Work item
Copy all the lines of the listing below exactly. Skip the images.

Material provided

____________

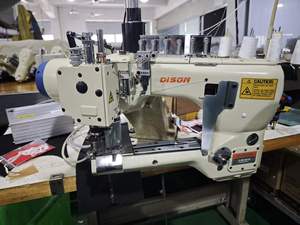 DS-6200-02MS Direct Drive Feed Off the Arm <b>4</b> Needle <b>6</b> Thread Flat Seamer Interlock Sewing Machine - Product Image 2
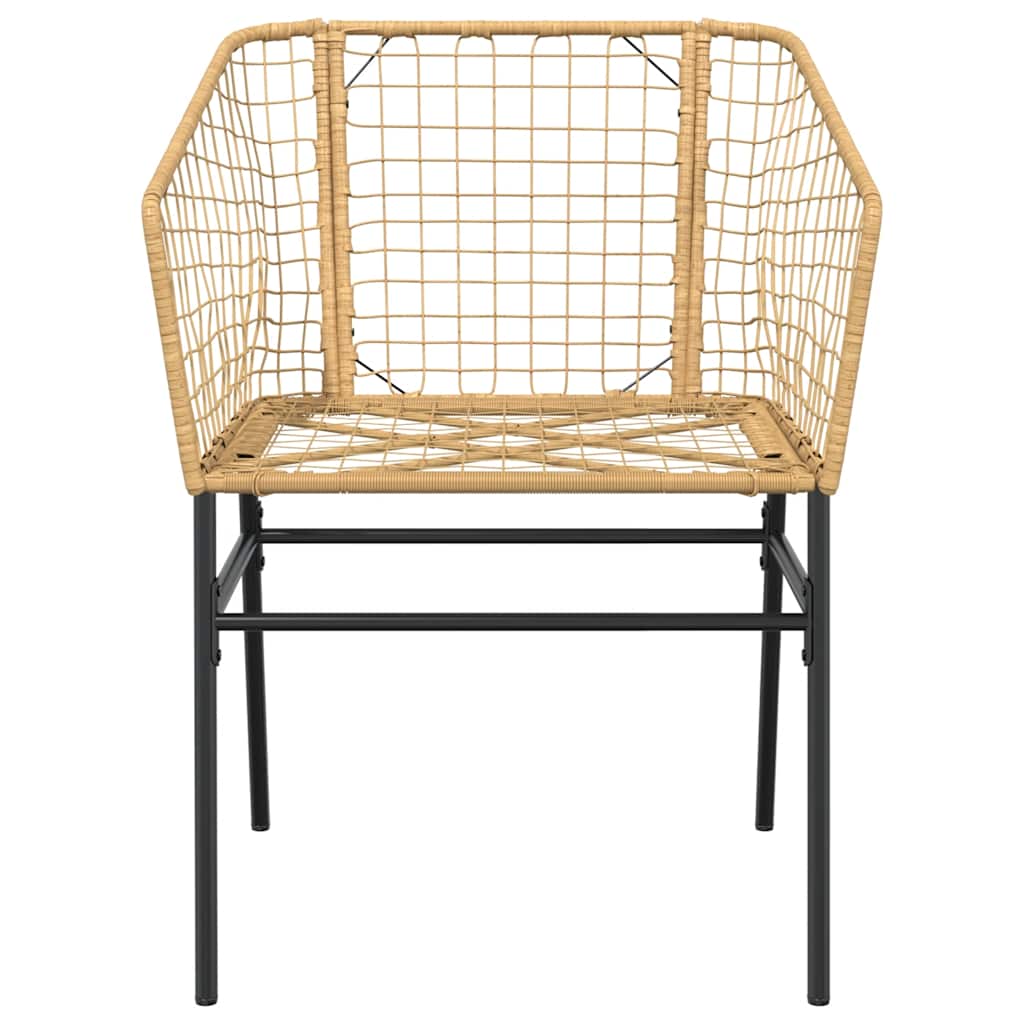vidaXL Σετ Τραπεζαρίας Κήπου 5 τεμαχίων από Καφέ Πολυεστέρα Ρατάν
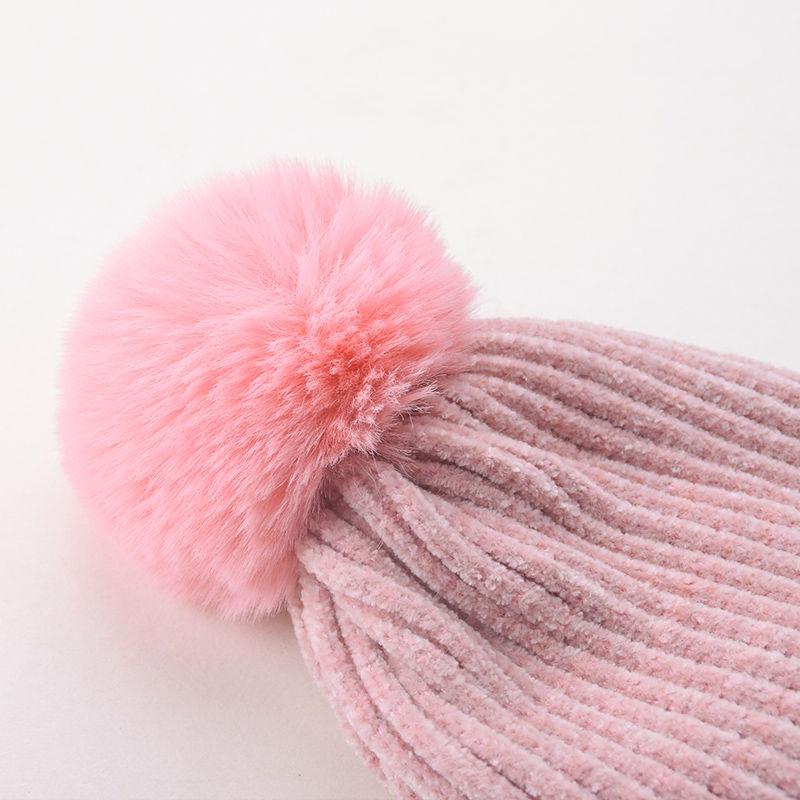 Woman hat Plush Cotton hat Trendy wild hat Windproof hat Autumn winter Warm hat Thick hat Fashion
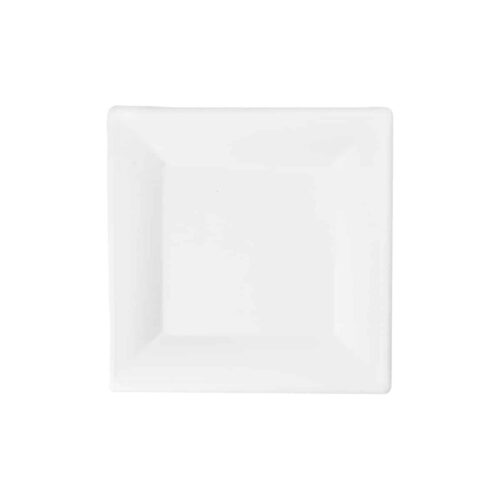 Piattini quadrati in polpa di cellulosa e PLA 16 cm ecologici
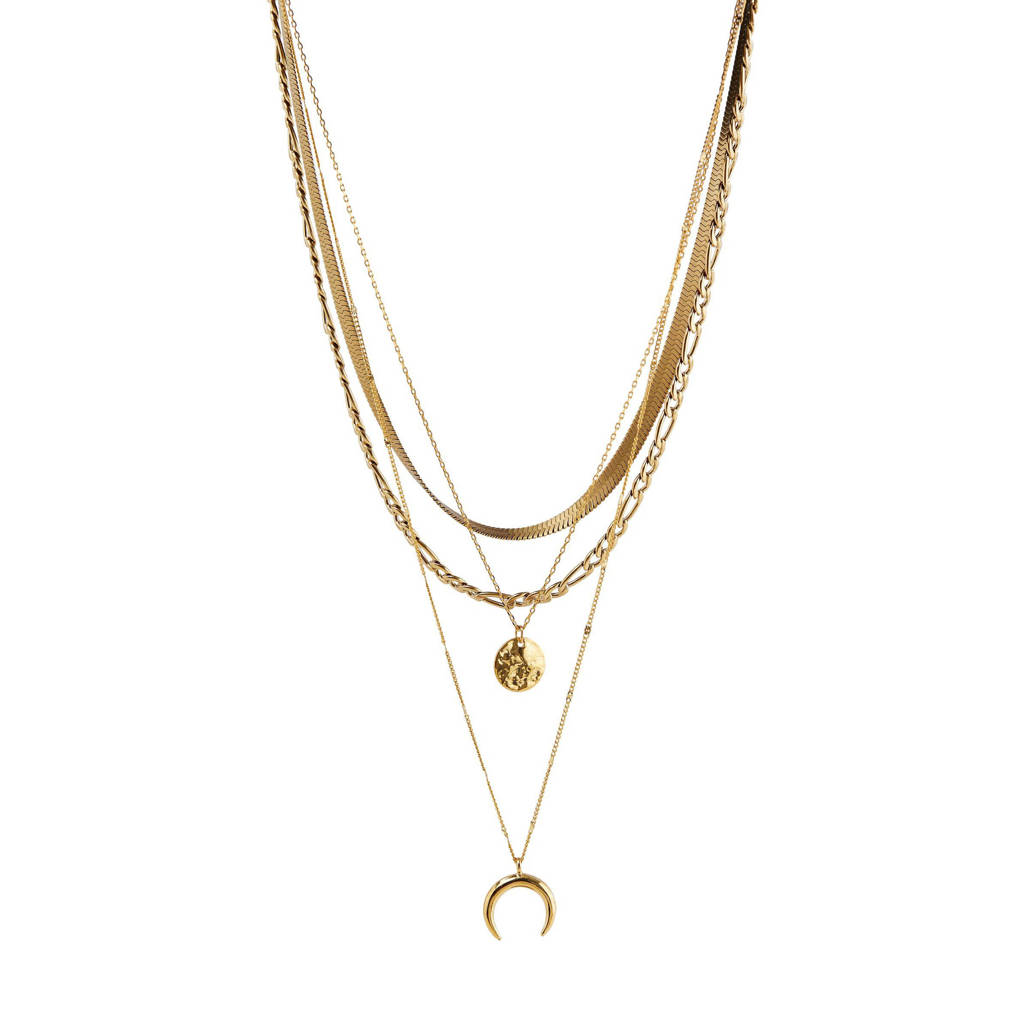 PIECES gelaagde ketting goudkleurig, Goudkleurig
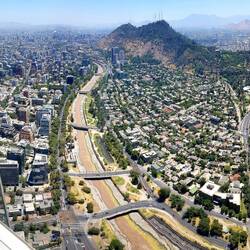 City view from Costanera.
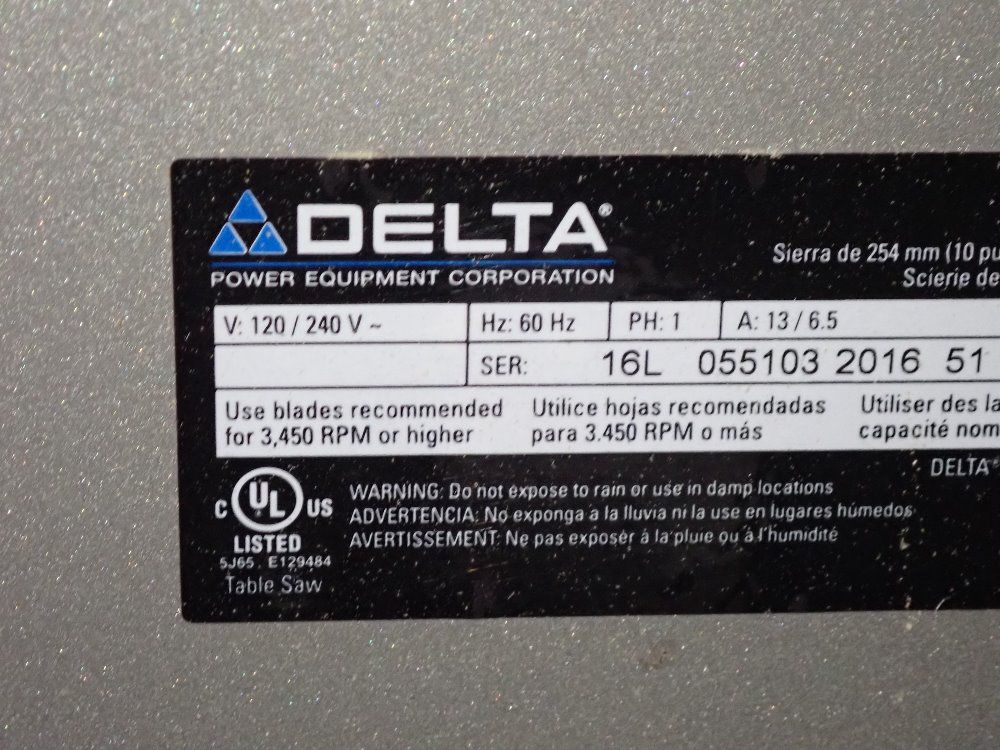 Delta Table Saw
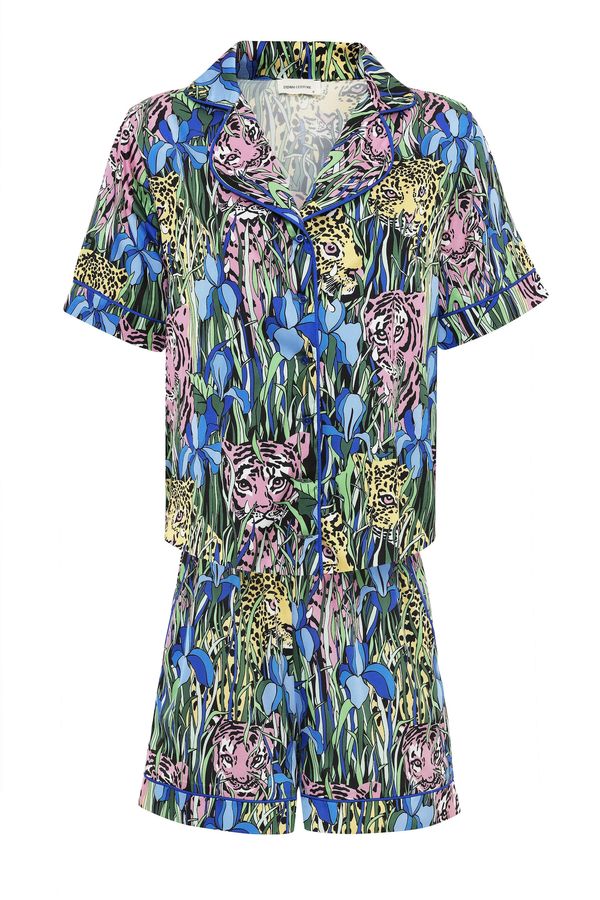 DENIM CULTURE DENIM CULTURE Pidžama  plava / miks boja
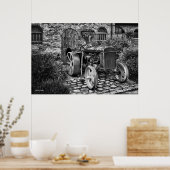  Fordson Tractor, foto met fijne kunst Poster (Keuken)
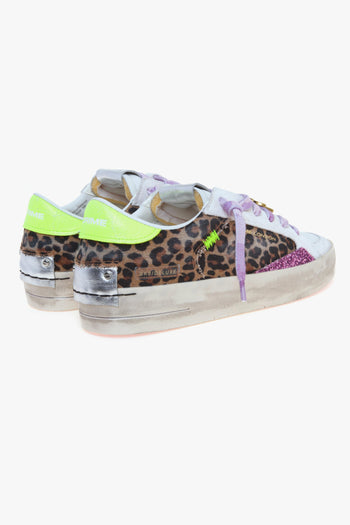 Sneaker SK8 Deluxe in pelle e tessuto maculato - 3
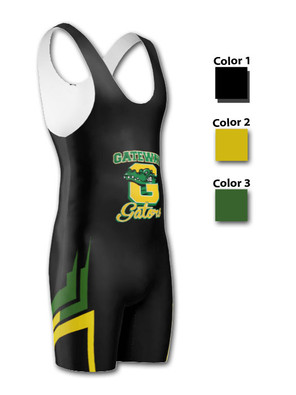 Adult/Youth "Tomb" Custom Sublimated Wrestling Singlet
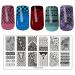 LiBiuty 6Pcs Nail Stamping Plates Sets with Dual Head Stamper & Scraper - DIY Nail Template Stamping Set 037 - Buy Online on GoSupps.com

____________

Written reply
 DS-6200-02MS Direct Drive Feed Off the Arm <b>4</b> Needle <b>6</b> Thread Flat Seamer Interlock Sewing Machine - Product Image 2
vidaXL Σετ Τραπεζαρίας Κήπου 5 τεμαχίων από Καφέ Πολυεστέρα Ρατάν
 Woman hat Plush Cotton hat Trendy wild hat Windproof hat Autumn winter Warm hat Thick hat Fashion
 Piattini quadrati in polpa di cellulosa e PLA 16 cm ecologici
 PIECES gelaagde ketting goudkleurig, Goudkleurig
 City view from Costanera.
 Delta Table Saw
 DENIM CULTURE DENIM CULTURE Pidžama  plava / miks boja
  Fordson Tractor, foto met fijne kunst Poster (Keuken)
 Sneaker SK8 Deluxe in pelle e tessuto maculato - 3
 Adult/Youth "Tomb" Custom Sublimated Wrestling Singlet
 LiBiuty 6Pcs Nail Stamping Plates Sets with Dual Head Stamper & Scraper - DIY Nail Template Stamping Set 037 - Buy Online on GoSupps.com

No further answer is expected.